The notoriously *ahem* clueless privilege of Emma Woodhouse is delivered with just the tiniest hint of terror in the hands of Anya Taylor-Joy (Playmobil: The Movie, Glass) — an inspired bit of casting on de Wilde’s part — who inevitably brings a shiver of unease with her from the horror movies she has been heretofore known for. (See Marrowbone, The Witch, and Morgan.) Her Emma is a queen bee with more sting than previous depictions of the character have had: Taylor-Joy’s preternaturally large eyes seem to bore straight through those she would dominate.

Emma. Anya Taylor-Joy Johnn Flynn
Well, hello, Mr Knightley…

Such as Emma’s friend Harriet Smith, whose low birth makes the poor, unlineaged girl much more suited, in oh-so class-conscious Regency England, to the handsome farmer, Robert Martin (Connor Swindells), she actually really likes rather than the absolutely unctuous yet more “respectable” vicar, Mr Elton (an unexpected Josh O’Connor: God’s Own Country, Florence Foster Jenkins), to whom Emma is attempting to marry Harriet off. Mia Goth (A Cure for Wellness, Everest), as Harriet, also hails from horror films, and her Harriet isn’t merely timid in the face of Emma but downright petrified, a pale, watery figure who might only be retaining any solidity at all through her devotion to Emma and her desire to please her “better,” who can surely have only Harriet’s best interests at heart, no?

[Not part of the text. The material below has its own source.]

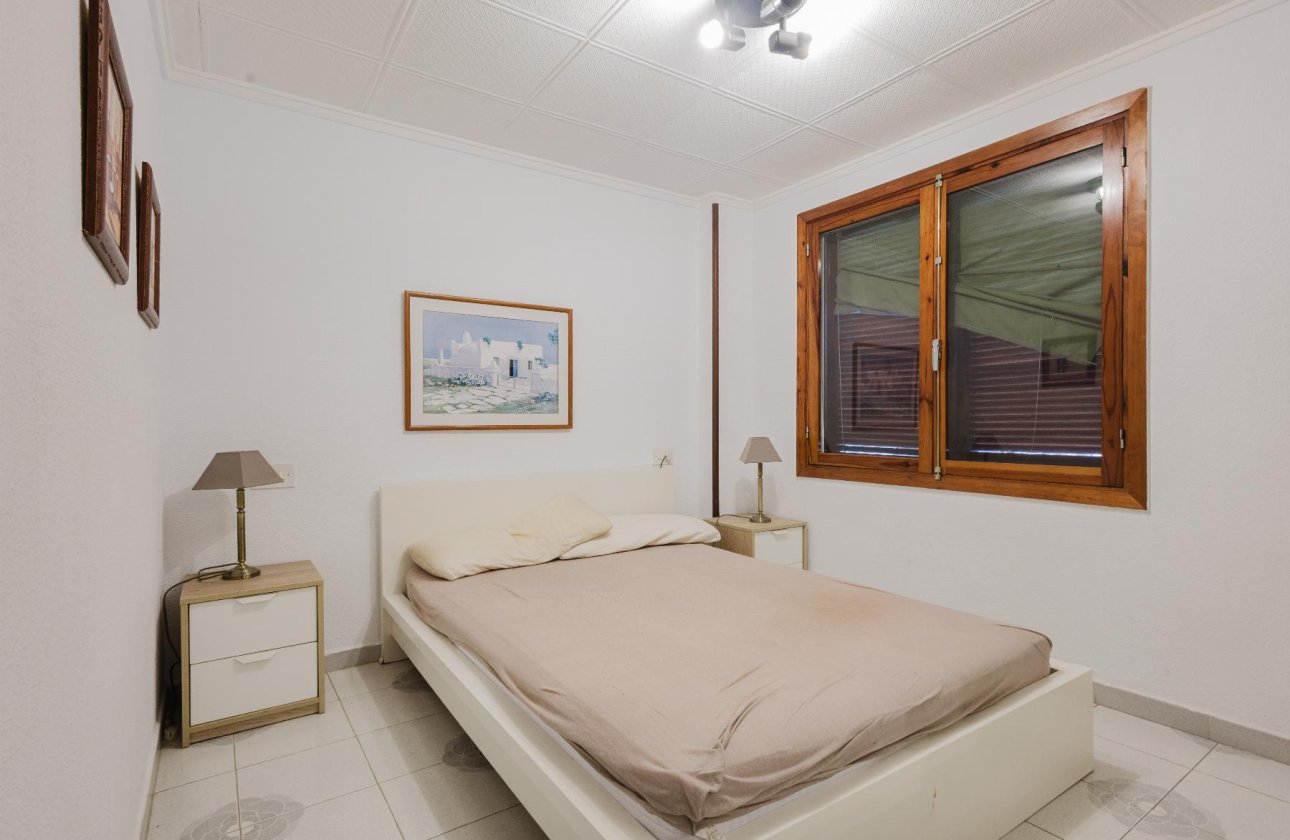 Resale - Apartment / flat - Torrevieja - Playa del Acequión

A recurring visual motif of schoolgirls in bloodred cloaks fluttering through Emma’s village of Highbury is a vivid splash of color amongst the soft hues that fill the movie’s palette, and made me think of The Handmaid’s Tale. It’s another hint of the muted horror underlying Emma’s insistence — which is her world’s insistence — on women’s highest achievement being marriage and babymaking. It renders Emma’s infamous moment of outright cruelty, to Miss Bates, the older spinster in Emma’s circle, seem even more brutal: does Emma have no consideration at all for a woman who has failed at the one job she is “supposed” to do? (Miranda Hart [Spy] plays Miss Bates as slightly ridiculous and totally harmless, and perhaps even less worthy of Emma’s disdain than other versions of the character have been.)

Emma. Bill Nighy
Well, hello, Mr Woodhouse…

There’s real bite, too, in Johnny Flynn’s (Beast, Love Is Thicker Than Water) Mr Knightley, the family friend who acts — though clearly he would prefer not to — as Emma’s conscience, especially in that scene in which he calls Emma out for her behavior toward Miss Bates and Emma finally begins to realize how wrong she is about almost everything. It had never occurred to me before — and maybe this is a function of the extra sharpness of this new adaptation — but how rare it is to see a young woman onscreen learn a life lesson with such a searing onset of painful self-awareness.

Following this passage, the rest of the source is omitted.